# A chemist titrates 300.0 mL of HCl with a 3.5 M solution of NaOH and requires 48.5 mL of the base to reach the endpoint. What is the concentration of the hydrochloric acid?

*print*Print*list*Cite

### 3 Answers

This is an example of a classic strong acid and strong base titration. Hydrochloric acid (HCl) reacts with sodium hydroxide (NaOH) to form table salt (sodium chloride; NaCl) and water (H2O). The chemical equation is shown below:

HCl + NaOH --> NaCl + H2O

We can see that one mole of acid reacts with one mole of base. So if we can find the number of moles of NaOH used to reach the endpoint, then we know that this will be the same as the number of moles of HCl present to begin with. Since we know both the concentration and volume of NaOH used, we can readily calculate the moles by multiplying the two values.

(3.5 moles/liter) * (0.0485 liters) = 0.170 moles NaOH

Since the acid and base react in a 1 to 1 molar fashion, we know that this means that 0.170 moles of HCl was present in the original solution of hydrochloric acid. Since we know that 300 mL of acid was present, we can divide the two values to find the concentration.

(0.170 moles/0.3 liters) = 0.567 M HCl

**So the concentration of hydrochloric acid used is 0.567 M.**

**Sources:**

When solving for titration problems, we must first find out the mole ratios in which the acid and base react, in addition to the type of acid and base that is present (weak vs. strong).

In this case, the mole ratios are very simple. The reaction takes place as follows:

`HCl + NaOH -> H_2O + NaCl`

This shows that the two compounds react in a 1:1 ratio.
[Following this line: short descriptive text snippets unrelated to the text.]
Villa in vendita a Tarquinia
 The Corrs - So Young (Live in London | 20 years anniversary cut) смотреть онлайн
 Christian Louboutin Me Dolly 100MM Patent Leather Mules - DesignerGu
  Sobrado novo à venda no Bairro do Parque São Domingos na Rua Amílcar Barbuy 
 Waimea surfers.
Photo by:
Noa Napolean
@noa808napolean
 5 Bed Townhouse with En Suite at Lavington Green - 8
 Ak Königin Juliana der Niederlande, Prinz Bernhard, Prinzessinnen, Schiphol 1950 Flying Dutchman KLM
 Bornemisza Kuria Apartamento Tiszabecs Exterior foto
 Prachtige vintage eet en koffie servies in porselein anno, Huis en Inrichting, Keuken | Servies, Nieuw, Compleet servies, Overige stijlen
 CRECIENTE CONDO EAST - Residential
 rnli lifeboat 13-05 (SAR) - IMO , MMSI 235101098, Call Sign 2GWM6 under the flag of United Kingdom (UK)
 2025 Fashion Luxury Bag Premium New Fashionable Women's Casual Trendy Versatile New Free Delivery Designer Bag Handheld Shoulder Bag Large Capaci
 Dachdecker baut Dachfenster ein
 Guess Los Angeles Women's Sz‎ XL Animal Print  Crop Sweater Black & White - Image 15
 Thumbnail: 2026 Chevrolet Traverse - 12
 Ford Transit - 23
Furthermore, they are both strong acids (HCl) and bases (NaOH), meaning they dissociate completely, so we do not have to worry about computing how much actually goes toward the reaction.

When asked to determine the molarity of an unknown solution given the volume used and the molarity and volume of the other solution, the following equation can be used:

`M_1V_1 = M_2V_2`

in which M = molarity and V = volume.

After making sure both the units for volume are the same, the numbers can simply be plugged into this equation.

`(3.5M)(300.0ml) = M_2(48.5ml)`

Then, solve for `M_2`

`M_2 = ((3.5M)(300.0ml))/(48.5ml) = 0.57M`

Thus, the molarity of the unknown solution is 0.57M

HCl and NaOH are strong acids/bases, which means they dissociate completely. Their ions are the same molarity as the solutions.

At the equivalence point, the moles of H+ equals the moles of OH-. You can use this equation:

`["acid"]("volume") = ["base"]("volume")`

Plug in your known values...

`["acid"](300"mL") = (3.5 "M")(48.5 "mL")`

... and solve for the unknown.

`["acid"] = 0.566 "M"`

Or 0.57M with two sig figs. There is no need to convert mL to L if the units are the same on both sides of the equal sign.